*Supplied records*.

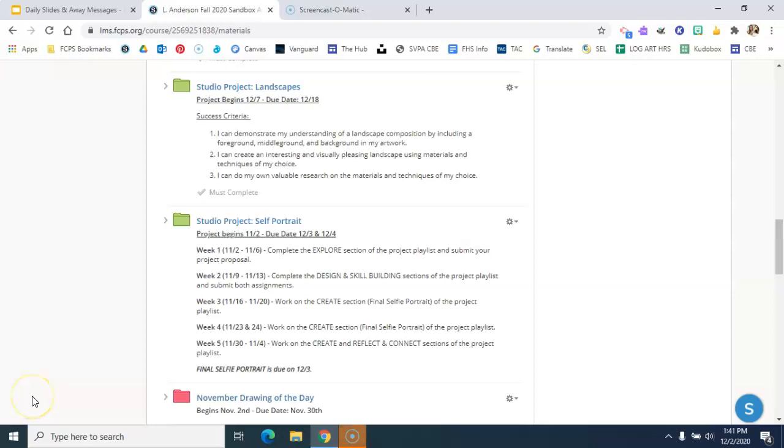Hey everyone, I want to do a thorough explanation about how to access all of the information for your new studio project.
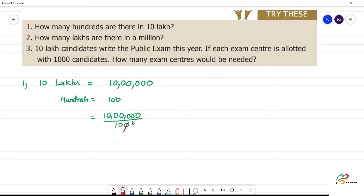When zeros are cancelled — here is a zero, here is a zero. Two zeros are cancelled. So we count the remaining zeros: 1, 2, 3, 4 zeros.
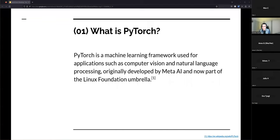According to Wikipedia, PyTorch is a machine learning framework used for applications such as computer vision and natural language processing, originally developed by Meta AI and now part of the Linux Foundation umbrella. In my own words, PyTorch is a machine learning library in Python, built on top of and inspired by another library called Torch — hence the name PyTorch. It's one of the most popular libraries for building neural networks.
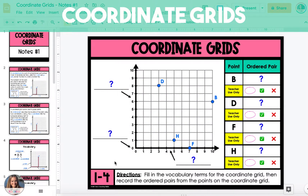In this video, I'm going to show you how to graph ordered pairs on a coordinate grid. First, we're going to label some vocabulary along the coordinate grid.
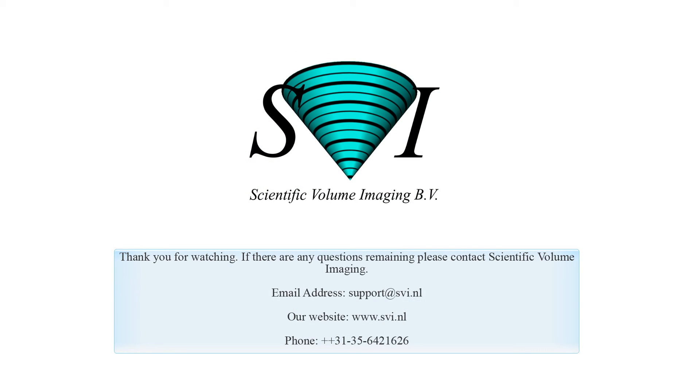Thank you for watching. If you have any questions, feel free to contact us.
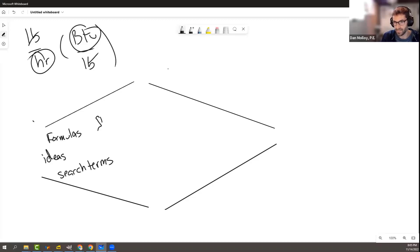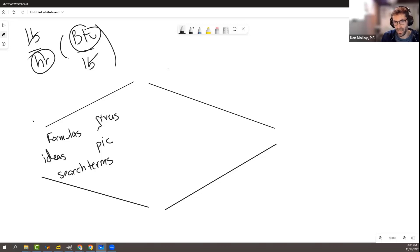And then you're looking at the givens, and then you're drawing a picture, and it's not clear where any of this is going to go yet. It's just something that we do at the beginning when we're reading the problem.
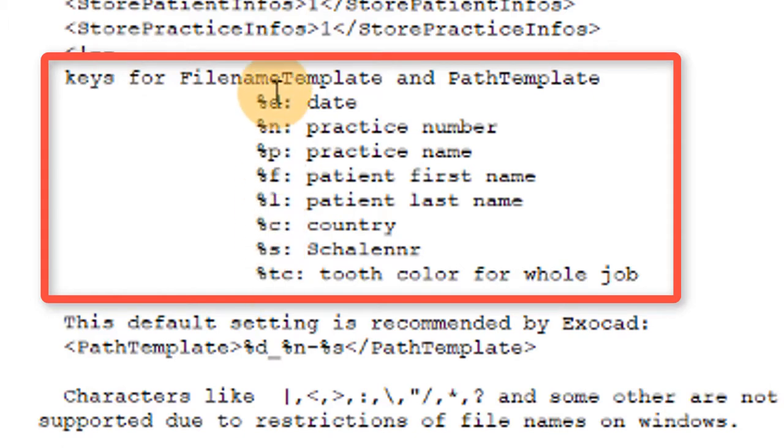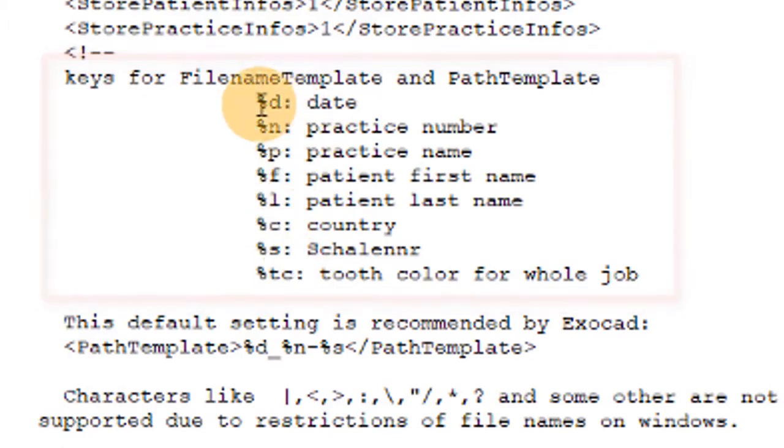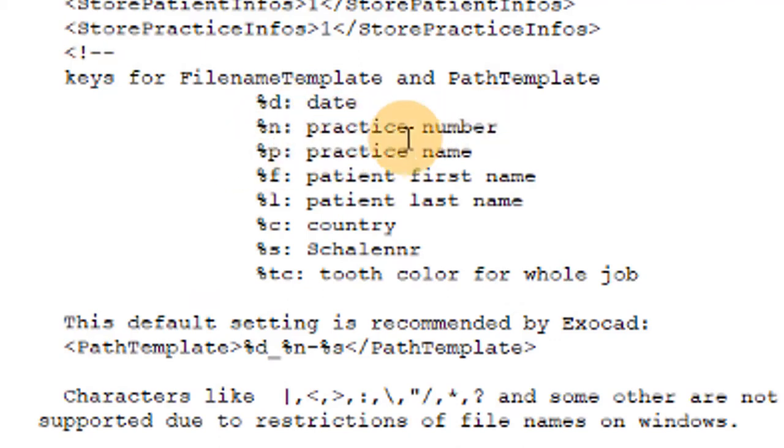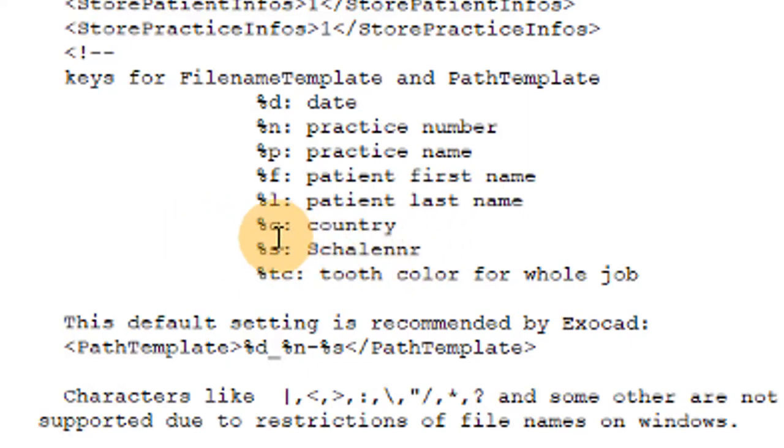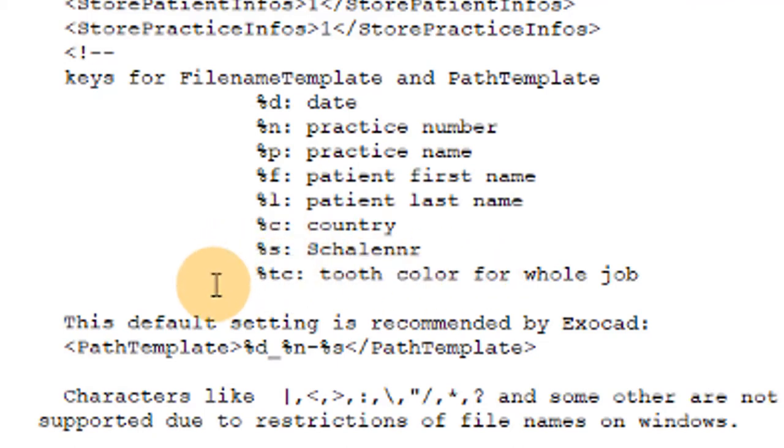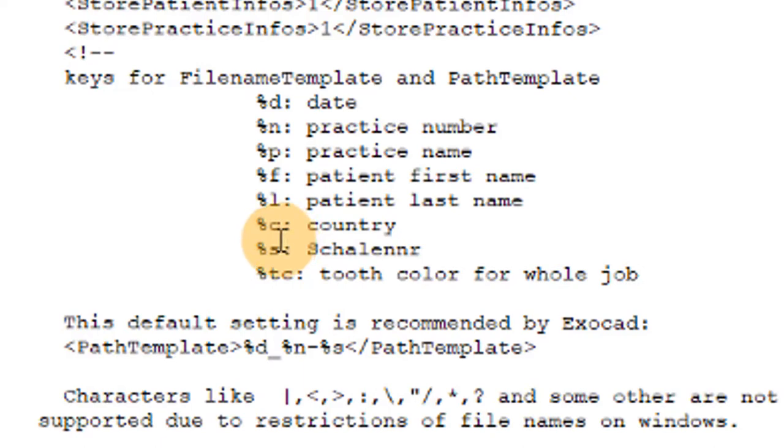And it says keys for file name template and path template and it shows you what the codes mean. So percent D means date, percent N means practice number, percent P practice name, percent F, percent L are the patient's first and last name, C for country, S I don't know what that word is in German, and then TC for tooth shade. S may be the identification number ID number. In any case, I don't use that.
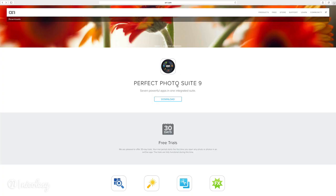If you don't have the Perfect Photo Suite or you don't have PerfectFX 9, then you can download a free trial from On1 Software's website.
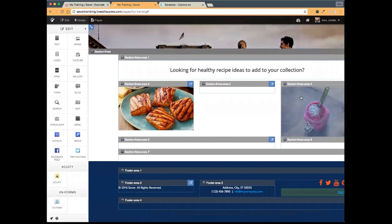Once I have my image selected I click Place to place it. For each of these sections I want to make sure the images look the same, so I need to make sure all images I'm placing are the exact same size.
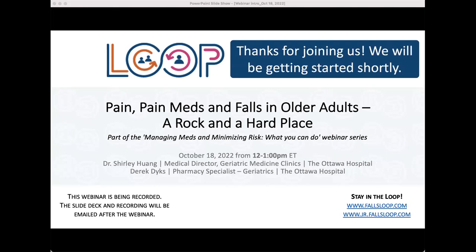Welcome, everyone, to today's webinar, Pain, Pain Meds, and Falls in Older Adults: A Rock and a Hard Place. This is the first webinar in the Managing Meds and Minimizing Risk, What You Can Do webinar series.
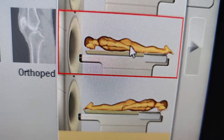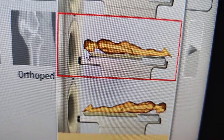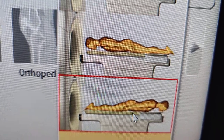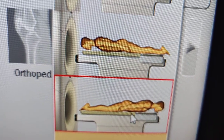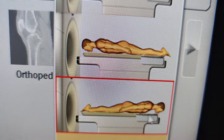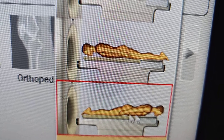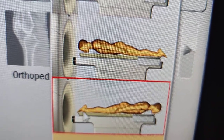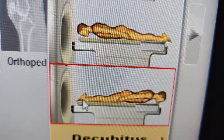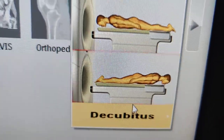So this next one is prone head first — they're laying on their stomach, on their chest, flat, face down. And this is feet first prone.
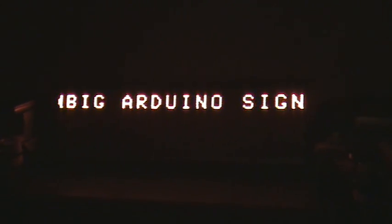This is my big Arduino sign. I'm only doing one line right now because if I set it up for four lines, it blinks.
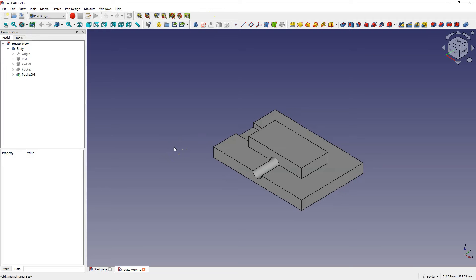Hi, this is CAD CAM lessons channel and in this video I will show you something that often confuses beginner FreeCAD users.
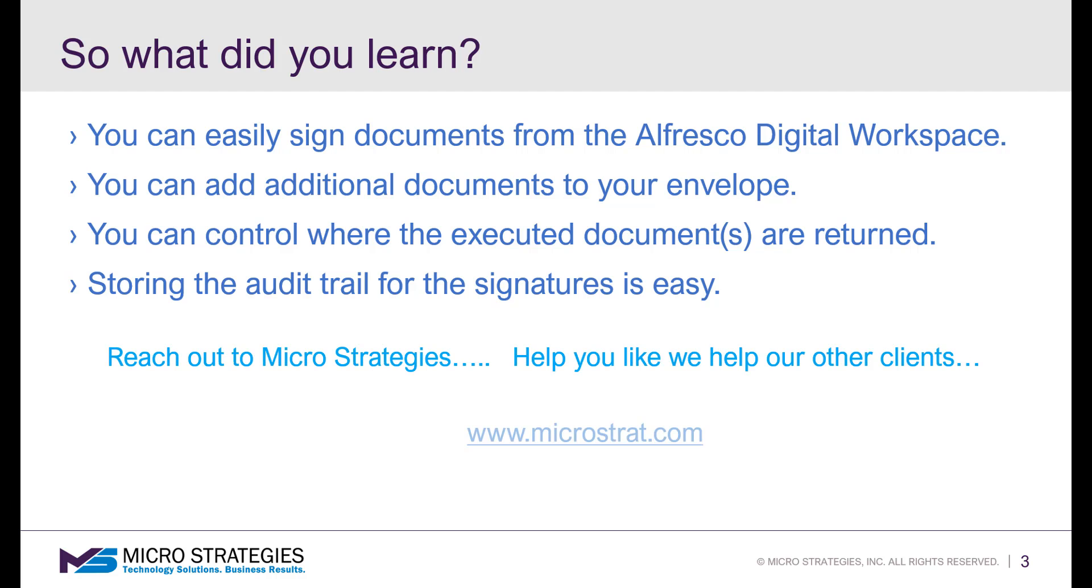So what are your next steps? Well, it's time to reach out to Micro Strategies so we can help you like we help our other clients. Let's get started.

*Exercise requirements*. Could you write out exactly the lines of the data above that run from the one holding "According to Wikipedia, PyTorch" to the one holding "And then you're looking", with both ends in and all pictures out?

*Exercise result*.
According to Wikipedia, PyTorch is a machine learning framework used for applications such as computer vision and natural language processing, originally developed by Meta AI and now part of the Linux Foundation umbrella. In my own words, PyTorch is a machine learning library in Python, built on top of and inspired by another library called Torch — hence the name PyTorch. It's one of the most popular libraries for building neural networks.
In this video, I'm going to show you how to graph ordered pairs on a coordinate grid. First, we're going to label some vocabulary along the coordinate grid.
Thank you for watching. If you have any questions, feel free to contact us.
And then you're looking at the givens, and then you're drawing a picture, and it's not clear where any of this is going to go yet. It's just something that we do at the beginning when we're reading the problem.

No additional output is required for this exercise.